* [EXERCISE DETAILS]
Only the lines from the one containing "And it really" through the end of the entries are to be copied, exactly and without pictures, please.

** DATA SUPPLIED follows **

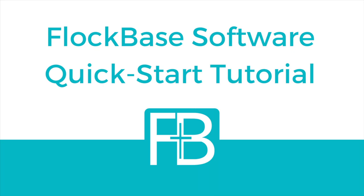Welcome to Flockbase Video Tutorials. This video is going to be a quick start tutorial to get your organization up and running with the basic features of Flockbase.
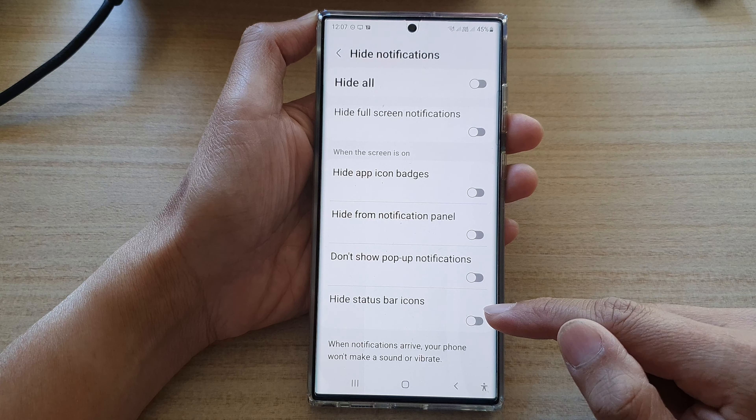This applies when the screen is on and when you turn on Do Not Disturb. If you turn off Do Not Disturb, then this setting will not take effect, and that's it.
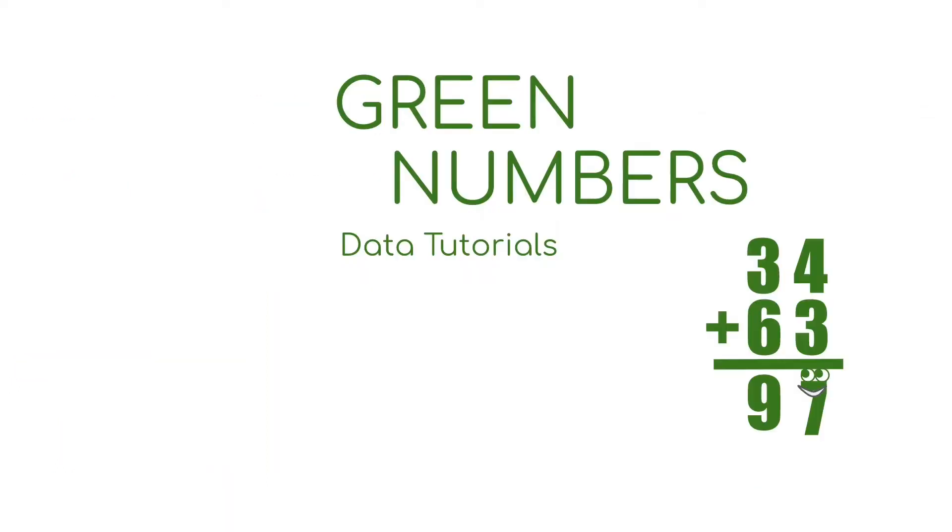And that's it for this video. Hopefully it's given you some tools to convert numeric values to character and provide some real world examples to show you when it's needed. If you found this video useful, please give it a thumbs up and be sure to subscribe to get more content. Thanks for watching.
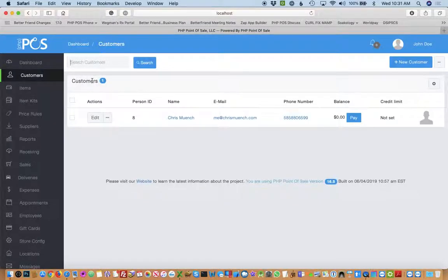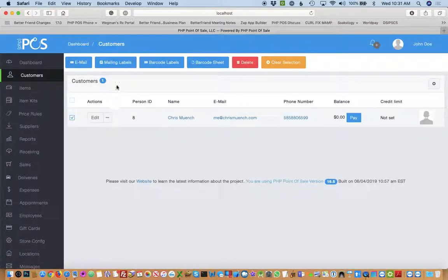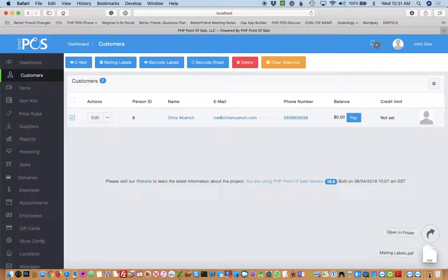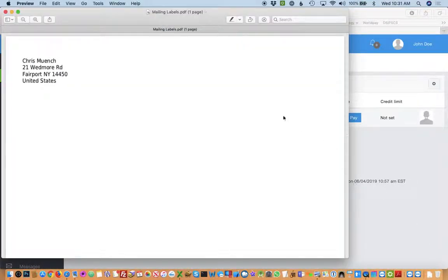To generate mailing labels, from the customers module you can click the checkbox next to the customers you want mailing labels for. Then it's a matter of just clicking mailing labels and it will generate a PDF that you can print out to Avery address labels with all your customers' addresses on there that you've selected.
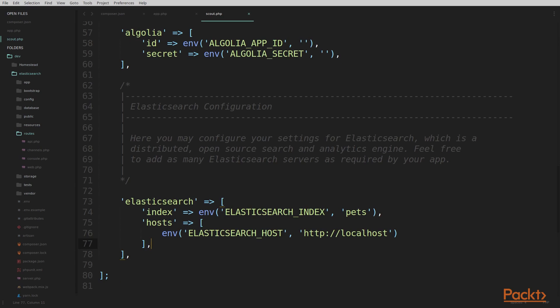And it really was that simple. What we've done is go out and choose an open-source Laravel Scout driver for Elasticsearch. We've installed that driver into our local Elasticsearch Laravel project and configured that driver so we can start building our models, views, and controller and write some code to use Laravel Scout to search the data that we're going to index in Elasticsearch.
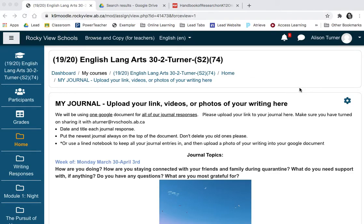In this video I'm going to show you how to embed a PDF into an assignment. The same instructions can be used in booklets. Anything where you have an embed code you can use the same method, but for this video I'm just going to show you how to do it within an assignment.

** End of DATA SUPPLIED **

* [ANSWER BOX]
And it really was that simple. What we've done is go out and choose an open-source Laravel Scout driver for Elasticsearch. We've installed that driver into our local Elasticsearch Laravel project and configured that driver so we can start building our models, views, and controller and write some code to use Laravel Scout to search the data that we're going to index in Elasticsearch.
In this video I'm going to show you how to embed a PDF into an assignment. The same instructions can be used in booklets. Anything where you have an embed code you can use the same method, but for this video I'm just going to show you how to do it within an assignment.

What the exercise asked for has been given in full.